# SOURCE DATA
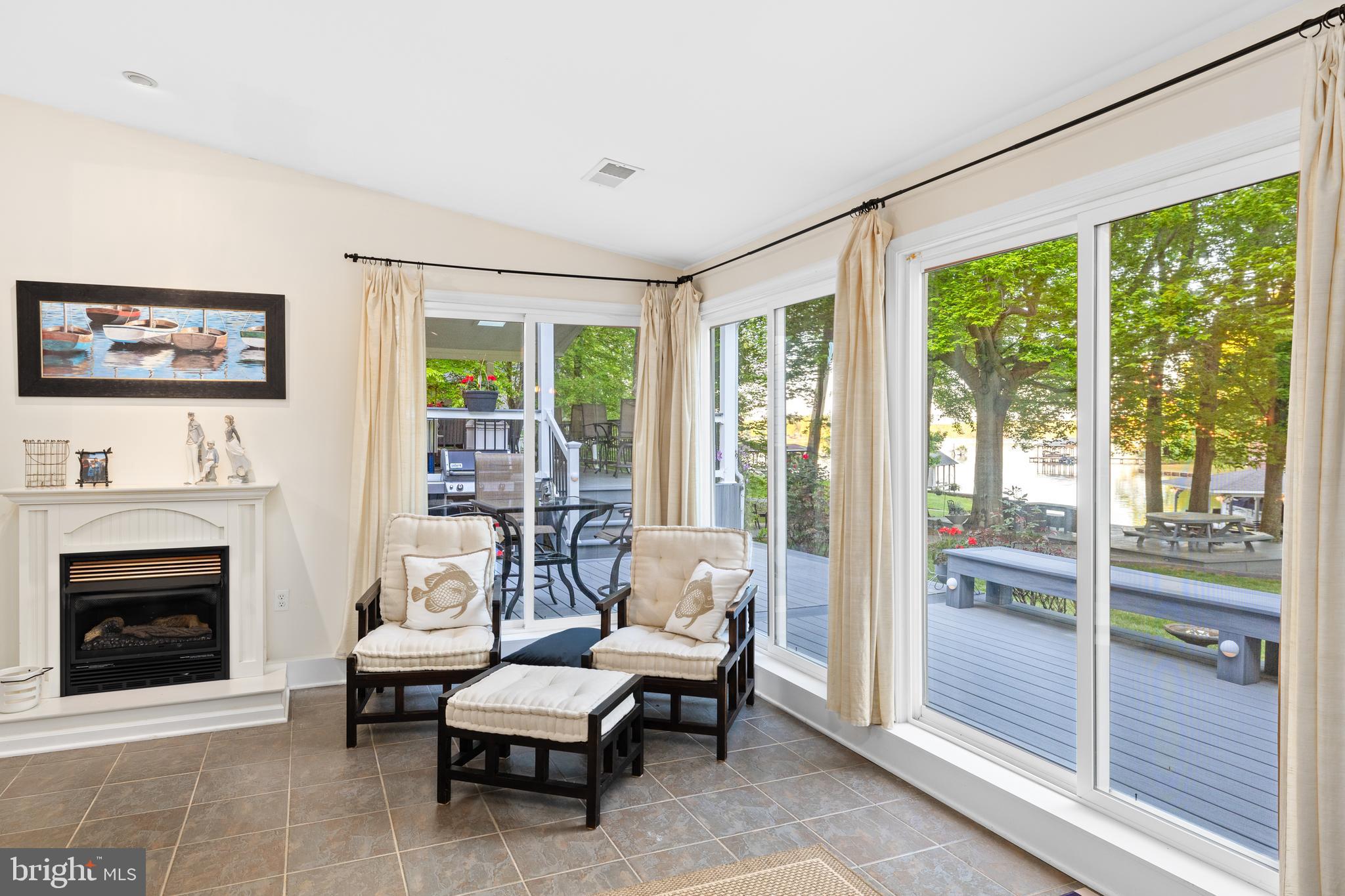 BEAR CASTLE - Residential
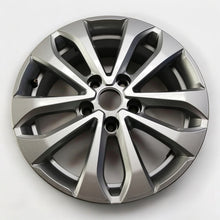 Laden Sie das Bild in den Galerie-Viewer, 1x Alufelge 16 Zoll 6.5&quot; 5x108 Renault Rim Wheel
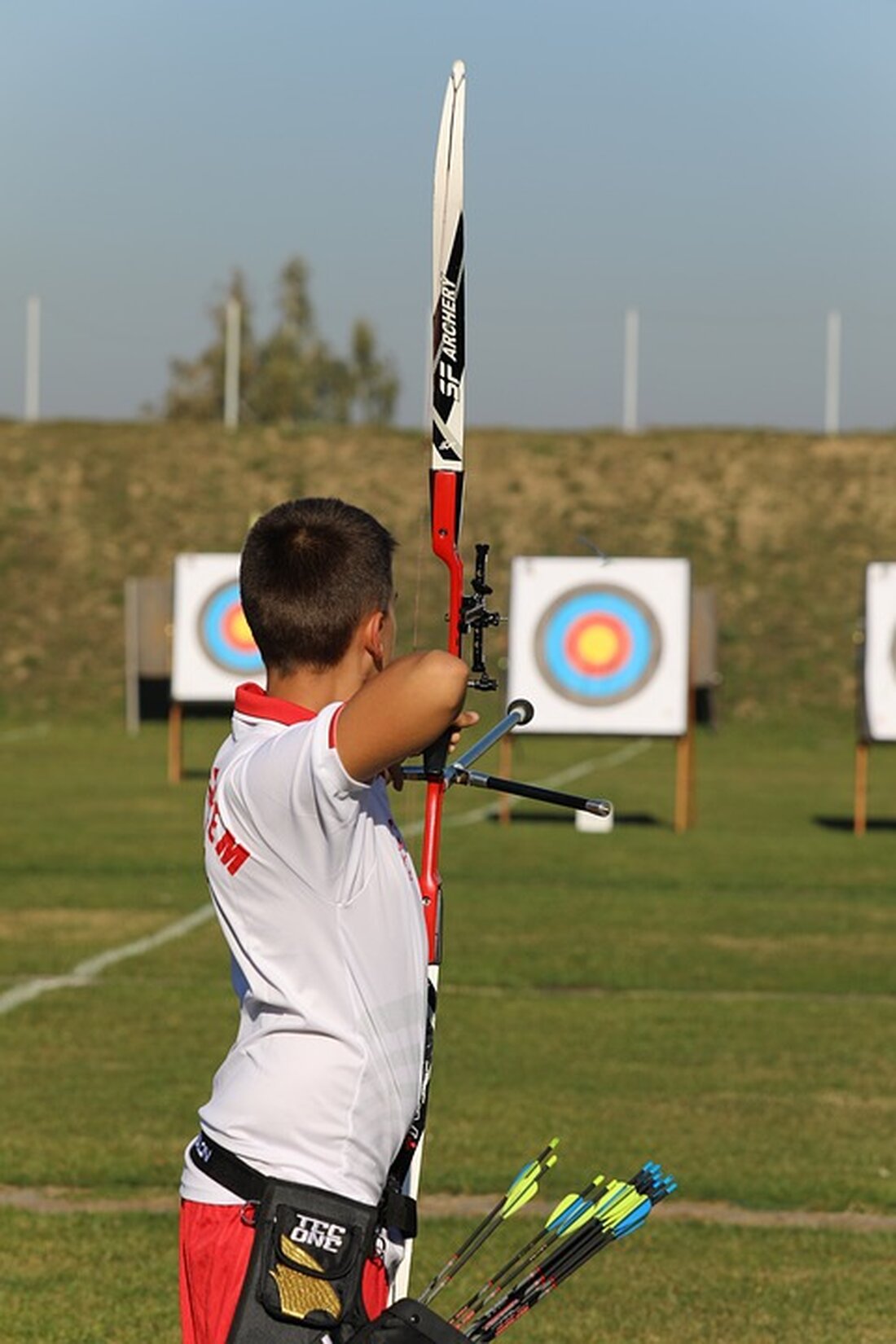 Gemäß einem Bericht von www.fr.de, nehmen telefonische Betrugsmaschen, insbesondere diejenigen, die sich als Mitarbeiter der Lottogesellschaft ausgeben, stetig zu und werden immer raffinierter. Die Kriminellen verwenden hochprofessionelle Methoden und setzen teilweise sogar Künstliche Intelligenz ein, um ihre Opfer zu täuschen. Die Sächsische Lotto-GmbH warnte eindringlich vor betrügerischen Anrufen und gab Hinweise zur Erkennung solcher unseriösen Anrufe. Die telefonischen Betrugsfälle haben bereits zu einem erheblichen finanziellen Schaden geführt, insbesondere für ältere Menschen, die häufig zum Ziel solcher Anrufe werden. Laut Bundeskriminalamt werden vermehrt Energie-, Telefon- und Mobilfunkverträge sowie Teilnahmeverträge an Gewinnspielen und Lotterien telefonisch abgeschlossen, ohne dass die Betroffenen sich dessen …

# ACTION ITEM
If a picture falls within the lines from the one containing "Laden Sie das" through the end of the material, leave it out while repeating those lines exactly.

# ANSWER BELOW
 Laden Sie das Bild in den Galerie-Viewer, 1x Alufelge 16 Zoll 6.5&quot; 5x108 Renault Rim Wheel
 Gemäß einem Bericht von www.fr.de, nehmen telefonische Betrugsmaschen, insbesondere diejenigen, die sich als Mitarbeiter der Lottogesellschaft ausgeben, stetig zu und werden immer raffinierter. Die Kriminellen verwenden hochprofessionelle Methoden und setzen teilweise sogar Künstliche Intelligenz ein, um ihre Opfer zu täuschen. Die Sächsische Lotto-GmbH warnte eindringlich vor betrügerischen Anrufen und gab Hinweise zur Erkennung solcher unseriösen Anrufe. Die telefonischen Betrugsfälle haben bereits zu einem erheblichen finanziellen Schaden geführt, insbesondere für ältere Menschen, die häufig zum Ziel solcher Anrufe werden. Laut Bundeskriminalamt werden vermehrt Energie-, Telefon- und Mobilfunkverträge sowie Teilnahmeverträge an Gewinnspielen und Lotterien telefonisch abgeschlossen, ohne dass die Betroffenen sich dessen …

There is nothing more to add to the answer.